Western Australia Can’t Wait [for a Decommissioning Hub]
The Northern Endeavour FPSO is being shipped by a Chinese heavy lift ship from Australia to Denmark for recycling.
Installed between the Laminaria and Corallina oil fields in the Timor Sea and unproductive since 2019, its fate became the burden of the Australian government after it underwent a string of ownership changes.
Australia doesn’t have the recycling facilities needed for the job, although the government has been taking some action on the issue. It published a decommissioning roadmap in 2024 and has set up an Offshore Decommissioning Directorate.
The Australian Marine Complex in Henderson, Western Australia (WA), has previously been flagged as the most promising site for a decommissioning hub, but, says local environmental organizations and unions, along came AUKUS.
“In late 2024, the federal government announced that Henderson would be developed as a base for servicing nuclear-powered submarines under the AUKUS security agreement.

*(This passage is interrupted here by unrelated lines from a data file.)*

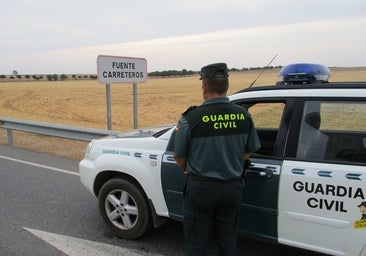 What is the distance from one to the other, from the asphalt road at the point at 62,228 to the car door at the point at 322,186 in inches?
33.7

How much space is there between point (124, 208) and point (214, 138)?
6.33 ft

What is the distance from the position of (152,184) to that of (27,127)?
6.93 meters

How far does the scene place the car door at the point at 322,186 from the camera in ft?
9.89

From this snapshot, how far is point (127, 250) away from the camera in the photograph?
13.6 ft

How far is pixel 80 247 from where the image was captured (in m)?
4.21

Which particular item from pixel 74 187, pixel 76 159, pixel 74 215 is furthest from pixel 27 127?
pixel 74 215

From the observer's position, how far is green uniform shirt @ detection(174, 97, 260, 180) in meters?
2.80

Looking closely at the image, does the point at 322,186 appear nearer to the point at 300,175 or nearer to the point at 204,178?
the point at 300,175

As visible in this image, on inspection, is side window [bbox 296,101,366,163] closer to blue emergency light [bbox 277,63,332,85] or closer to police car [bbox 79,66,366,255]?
police car [bbox 79,66,366,255]

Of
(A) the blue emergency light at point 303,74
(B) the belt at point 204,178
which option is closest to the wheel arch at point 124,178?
(B) the belt at point 204,178

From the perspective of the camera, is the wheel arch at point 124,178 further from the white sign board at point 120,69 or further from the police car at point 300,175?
the white sign board at point 120,69

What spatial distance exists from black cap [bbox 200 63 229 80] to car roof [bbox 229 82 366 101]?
2.81 feet

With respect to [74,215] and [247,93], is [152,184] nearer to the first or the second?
[247,93]

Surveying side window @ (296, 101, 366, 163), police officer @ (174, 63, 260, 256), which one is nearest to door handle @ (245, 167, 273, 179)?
side window @ (296, 101, 366, 163) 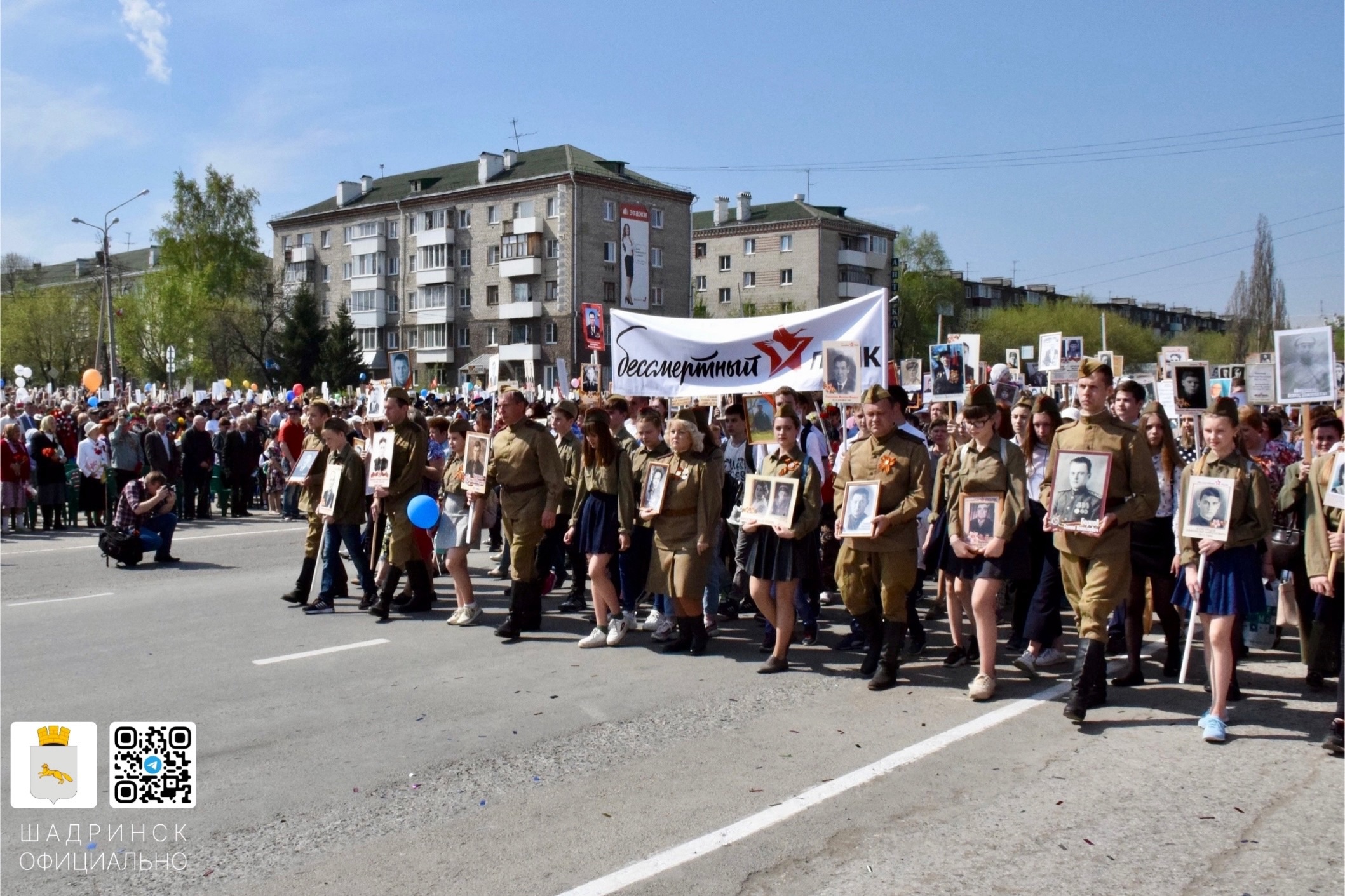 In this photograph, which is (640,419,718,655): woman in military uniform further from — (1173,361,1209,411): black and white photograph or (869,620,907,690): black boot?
(1173,361,1209,411): black and white photograph

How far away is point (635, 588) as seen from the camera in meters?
9.59

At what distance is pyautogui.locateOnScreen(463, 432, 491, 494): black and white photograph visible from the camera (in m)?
9.62

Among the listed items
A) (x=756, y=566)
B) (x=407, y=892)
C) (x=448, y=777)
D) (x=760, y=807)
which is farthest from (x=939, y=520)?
(x=407, y=892)

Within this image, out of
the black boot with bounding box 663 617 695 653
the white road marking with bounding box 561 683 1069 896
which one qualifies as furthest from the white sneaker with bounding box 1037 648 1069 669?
the black boot with bounding box 663 617 695 653

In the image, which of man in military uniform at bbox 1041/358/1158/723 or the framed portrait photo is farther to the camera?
the framed portrait photo

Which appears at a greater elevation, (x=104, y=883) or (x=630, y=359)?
(x=630, y=359)

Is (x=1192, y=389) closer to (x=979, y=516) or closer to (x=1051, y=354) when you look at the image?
(x=979, y=516)

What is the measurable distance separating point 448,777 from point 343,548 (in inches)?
375

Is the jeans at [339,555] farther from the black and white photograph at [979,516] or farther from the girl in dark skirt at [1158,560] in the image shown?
the girl in dark skirt at [1158,560]

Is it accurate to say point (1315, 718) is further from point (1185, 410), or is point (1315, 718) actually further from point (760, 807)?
point (1185, 410)

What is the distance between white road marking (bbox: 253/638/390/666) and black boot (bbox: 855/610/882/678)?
390 cm

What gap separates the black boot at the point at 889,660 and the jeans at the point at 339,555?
17.1 ft

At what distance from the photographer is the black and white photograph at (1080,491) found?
6.69m

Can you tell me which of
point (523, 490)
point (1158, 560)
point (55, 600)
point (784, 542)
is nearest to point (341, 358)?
point (55, 600) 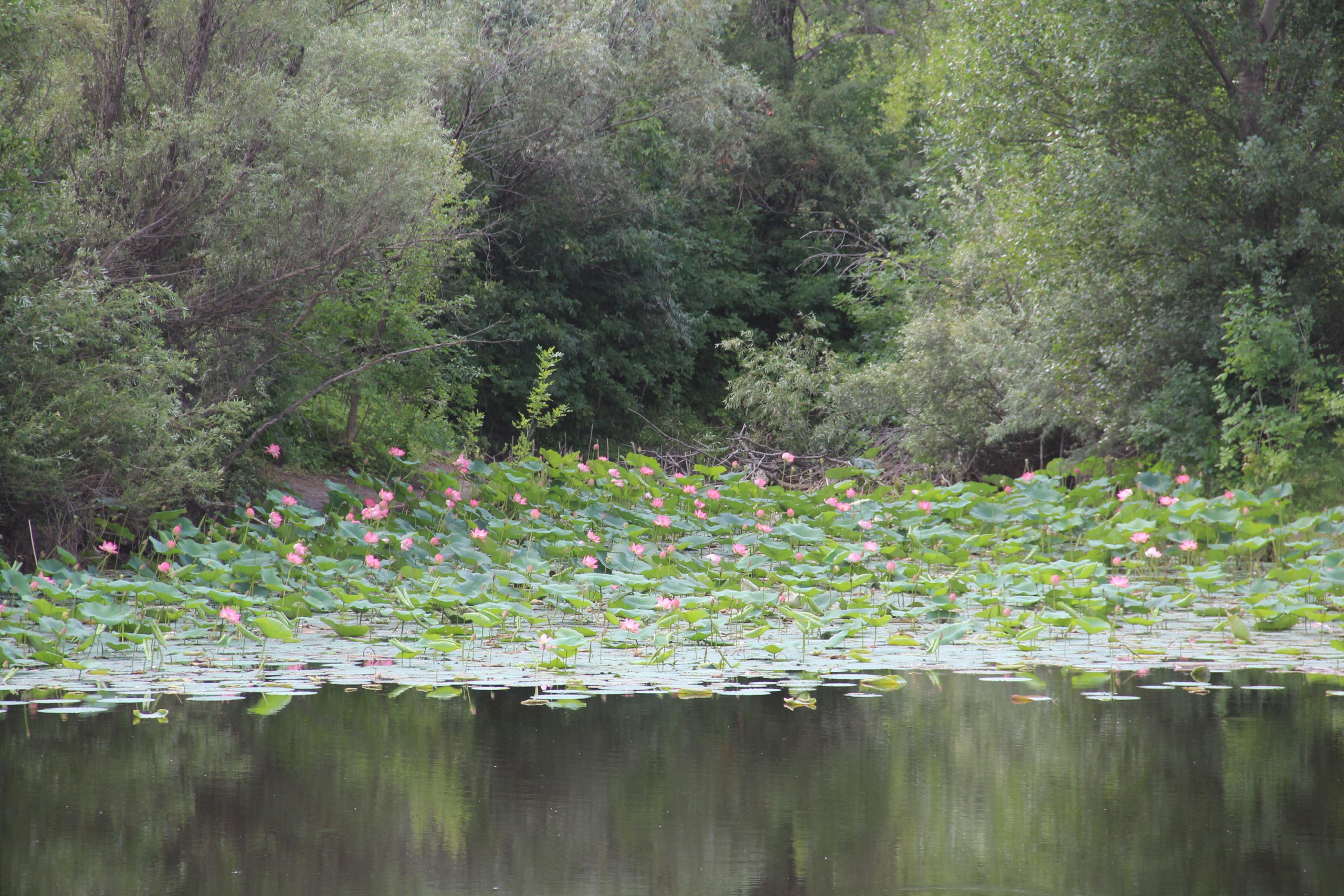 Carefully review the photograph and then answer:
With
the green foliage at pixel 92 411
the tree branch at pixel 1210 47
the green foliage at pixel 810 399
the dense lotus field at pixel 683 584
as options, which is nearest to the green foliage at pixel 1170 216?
the tree branch at pixel 1210 47

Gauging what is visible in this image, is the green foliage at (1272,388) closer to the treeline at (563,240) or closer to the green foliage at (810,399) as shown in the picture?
the treeline at (563,240)

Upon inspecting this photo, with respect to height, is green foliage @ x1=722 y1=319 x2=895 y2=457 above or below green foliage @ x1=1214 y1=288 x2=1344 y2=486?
above

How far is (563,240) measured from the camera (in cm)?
1702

A three-year feasibility study was launched, with headlines promising up to 10,000 high-skilled jobs. Critics have questioned the credibility of these figures, but one thing is clear, Henderson’s role as the centerpiece of Australia’s decommissioning industry is in serious doubt.”
That’s the view expressed in a new report WA Can’t Wait, a collaboration between Greenpeace Australia Pacific, Unions WA, Conservation Council WA, Maritime Union of Australia – WA Branch, The Wilderness Society, Australian Manufacturing Workers Union – WA Branch, and the Electrical Trades Union – WA Branch.
The organizations say the roadmap outlines a vision for a safe, cost-effective, and environmentally sound decommissioning industry, but it’s vague and non-committal.
Instead, WA Can’t Wait recommends that:
• A decommissioning hub be built in Western Australia near current fossil fuel infrastructure and where green recycling facilities can be established
• Oil and gas operators are held financially responsible and a fully industry-funded clean-up be mandated
• Existing laws are strengthened and enforced to ensure a full and timely decommissioning
• The safety of workers and the environment is prioritized
• Investment in ports, recycling facilities and local workforces is increased to support decommissioning and emerging offshore wind and other renewable energy industries.
There’s plenty of potential work for new facilities that might otherwise be outsourced overseas.
An estimated 110 Sydney Harbour Bridges worth of steel currently sits in the oceans around Australia with nearly 90% off the Western Australian coast. This includes 1,008 wells, 57 fixed seabed facilities, 11 FPSOs, 4,960 kilometers of pipelines, 1,700 kilometers of flowlines, 1,500 kilometers of static umbilicals, 535 subsea structures and 120 risers.
The opportunity writes itself, says Geoff Bice, Greenpeace Australia Pacific WA Campaign Lead, and Steve McCartney, Unions WA President and Australian Manufacturing Workers’ Union WA Secretary.
“If WA can set up a decommissioning hub and companies are properly required to fully decommission their infrastructure, an immediate feedstock of scrap steel becomes available to local renewable-powered scrap steel furnaces. The resulting product can then be sold straight into the domestic market for the manufacture of transmission lines, wind turbine towers and other materials needed for the build out of renewable energy. This generates more jobs and keeps the value of the product within Western Australia to create a resilient supply of domestic steel needed for the transition.”
A levy has already been established to recover the public costs of decommissioning infrastructure abandoned by industry. With up to $1 billion to be collected from offshore oil and gas operators, there are calls to direct some of the money to building a decommissioning hub.
Meanwhile, countries like Brunei are doing what Australia has failed to, says the Maritime Union of Australia: building capacity through public investment and collaboration with industry. Brunei now hosts regional dismantling contracts once earmarked for Australian ports.
Growing competition from overseas is one of the reasons for urgency: 50% of Australia’s infrastructure must be decommissioned before 2030 and nearly 75% by 2040.
According to WA Can’t Wait, WA has the industrial capacity, geographic advantage, and skilled workforce to lead, but it needs clear policy, strong regulation, and strategic investment to get there. “To seize this opportunity, the government must act decisively.”